Gemeinsame Geschichte und Mehrsprachigkeit
Eine besondere Verbindung zwischen Kärnten/Koroška und der Steiermark ist die slowenische Volksgruppe, die in beiden Bundesländern zu Hause ist. Die gemeinsame Geschichte, ähnliche Erfahrungen als Minderheit und vergleichbare politische Herausforderungen schaffen Grundlagen für gegenseitiges Verständnis. Die Koralmbahn könnte dazu beitragen, die Vernetzung zwischen den Minderheitengemeinden in den Städten und im ländlichen Raum zu erleichtern.
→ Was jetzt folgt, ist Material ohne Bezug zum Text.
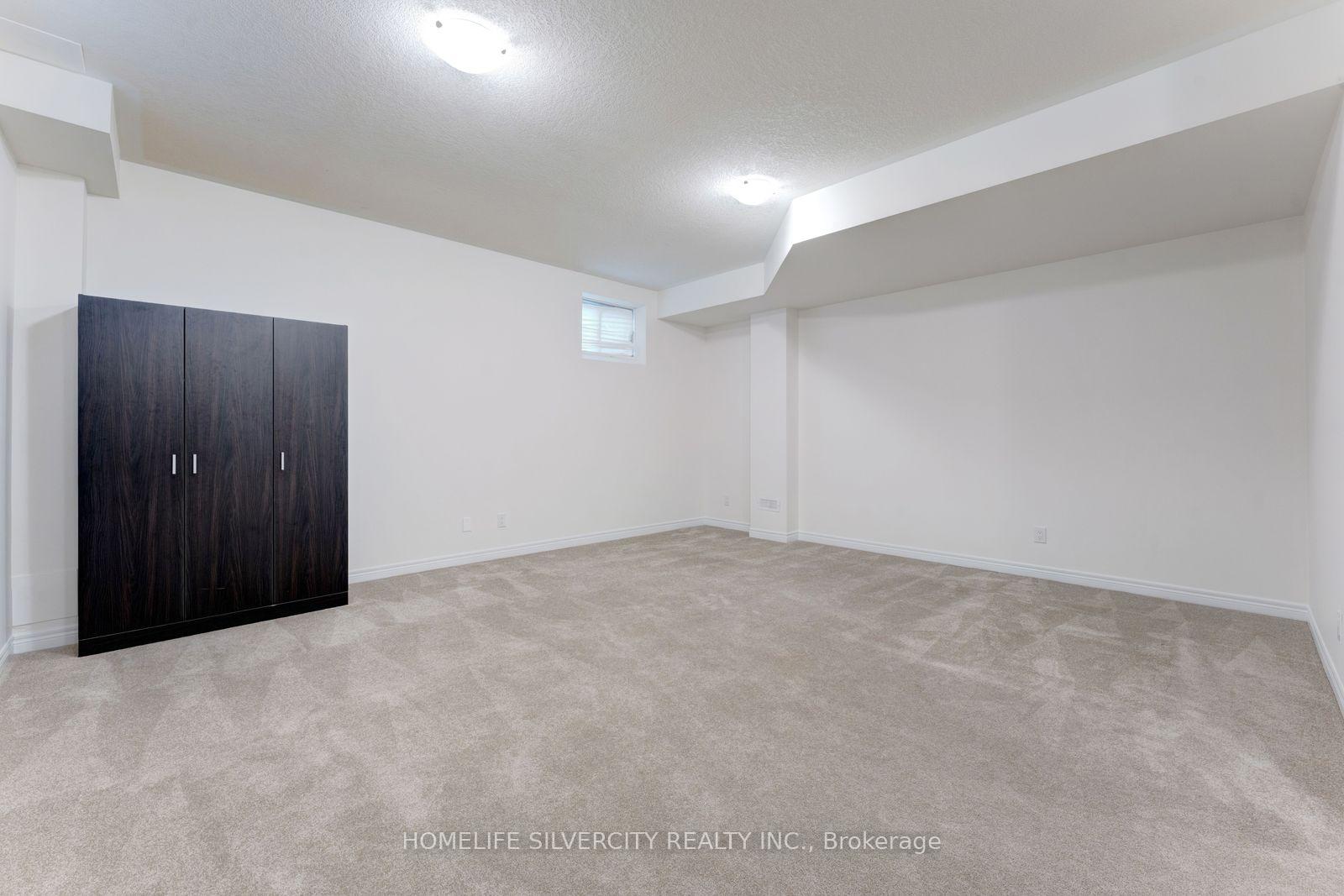Photo 15 of 210 Broadacre Drive, Kitchener, Victoria Hills — HOMEH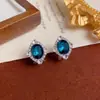Moda Transfronteriza Retro Versátil Super Brillantes Pendientes de Cristal con Forma de Rombo Incrustados de Diamantes Femeninos Simples Pendientes de Gama Alta Venta al por Mayor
Palmisano kritisiert, dass größere Kulturinstitutionen in Kärnten noch immer keine durchgehende Mehrsprachigkeit praktizieren, etwa bei Übertitelungen von Theaterstücken, während kleine slowenischsprachige Bühnen dies längst selbstverständlich tun. Er sieht die bessere Verbindung auch als Chance, mehrsprachige Angebote und eine stärkere Auseinandersetzung mit der slowenischen Geschichte und Kultur in der Steiermark zu fördern.
Kooperationen und Perspektiven
Viele Akteurinnen und Akteure der freien Szene in beiden Bundesländern wünschen sich konkrete Kooperationen und gemeinsame Formate. Dazu zählen gemeinsame Veranstaltungen und Tourneen, etwa für Musikgruppen, oder die nachhaltige Nachnutzung von Installationen im öffentlichen Raum. Sie sehen die Chance, voneinander zu lernen und in der Zusammenarbeit resilientere Strukturen zu entwickeln. Gleichzeitig betonen sie die Notwendigkeit, dass Städte und Länder die Rolle der freien Szene stärker anerkennen und nicht nur ideell, sondern auch finanziell unterstützen.
Fazit
Die Koralmbahn und das Projekt Kulturtunnel eröffnen neue Chancen für die Vernetzung, für die Gewinnung von Publikum und für die Sichtbarkeit der freien Szene in Kärnten/Koroška und in der Steiermark. Notwendig bleibt jedoch politische Unterstützung, eine bessere lokale Infrastruktur sowie die Anerkennung der kulturellen Vielfalt, die insbesondere auch die slowenische und queere Community einbezieht.